As Fischbach argues, Marx and Engels' The German Ideology can be understood to be a text about the fragmentation of knowledge with the division of labor: the order and connection of ideas follows the order and connection of things. Framed in this way it is possible to see continuity from the concept ideology the theory of fetishism. Capitalist society is one in which there is increasing division between production and consumption. As Marx writes, "the taste of the porridge does not tell you who grew the oats, no more does this simple process tell you of itself what are the social conditions under which it is taking place, whether under the slave-owner’s brutal lash, or the anxious eye of the capitalist, whether Cincinnatus carries it on in tilling his modest farm or a savage in killing wild animals with stones." 

This ignorance is not just a lack, thought as much as nature abhors a vacuum. The absence of knowledge of the real conditions becomes the basis for the projection of all kinds of qualities, from the commodity's value to its meaning and importance within the semiotics of consumer society. As Deleuze and Guattari write, elevating Marx's comments about porridge into a general epistemological thesis:

"Let us remember once again one of Marx's caveats: we cannot tell from the mere taste of the wheat who grew it; the product gives us no hint as to the system and relations of production.
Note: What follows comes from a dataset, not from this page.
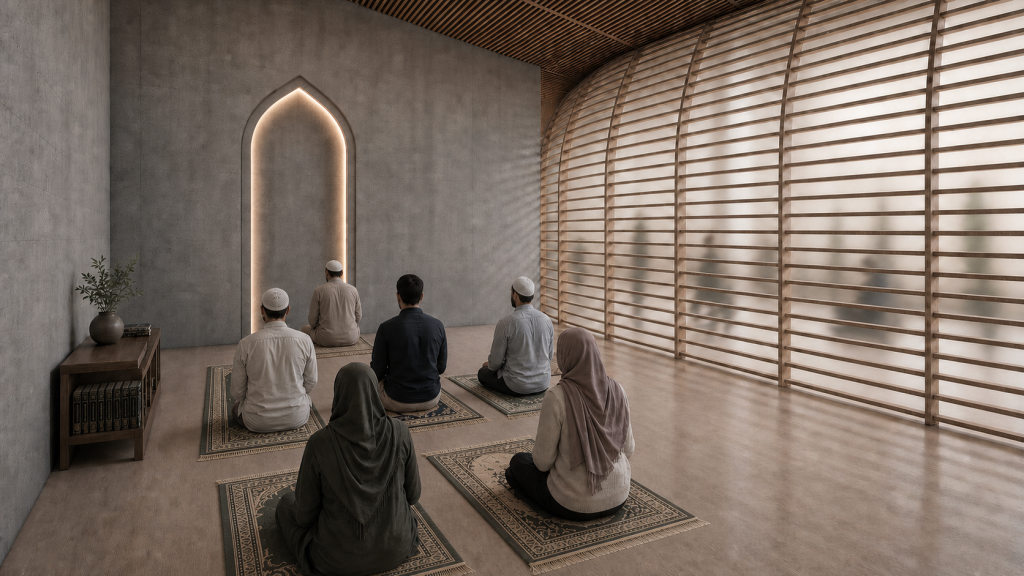 Muslim sanctuary room with seated visitors facing a prayer niche.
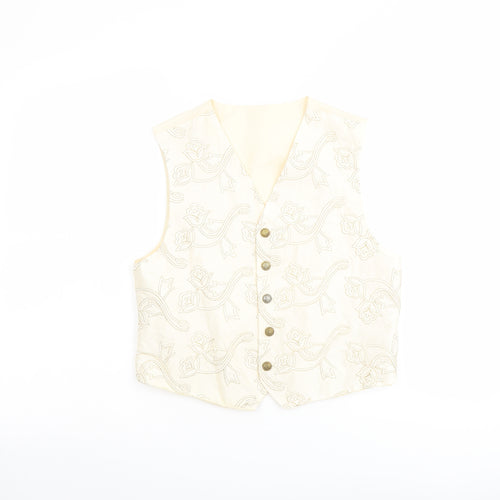 BHS Boys Ivory Floral Jacket Waistcoat Size 11-12 Years Button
The product appears to be all the more specific, incredibly specific and readily describable, the more closely the theoretician relates it to ideal forms of causation, comprehension, or expression, rather than to the real process of production on which it depends."

Or, as Spinoza argued, our ignorance about the causes of things is refracted through our awareness of our own desires so much so that we "take our desires for reality," to twist an old May '68 slogan. Our own perceptions become the basis for truth. As Marx states above, appearance replaces reality. 

The danger of making such a direct connection between social division and epistemic fragmentation is that such theses often imply a restoration of some kind of wholeness, a dream of a society without divisions and fragmentation which would also be a restoration of knowledge. Such a society has not existed since some went to hunt and others went to gather, if ever. The passage about porridge from Marx even makes this clear, fetishism might have begun with the commodity form but ignorance of the conditions of production are much older. If there can be no return to wholeness, some restoration of our knowledge, ourselves, and society, then knowledge must be a construction. The question is how to structure society so that the divisions and diversity of tasks and productive activities necessary for human survival become the basis for an increase of our knowledge rather the condition for the production of stupidity.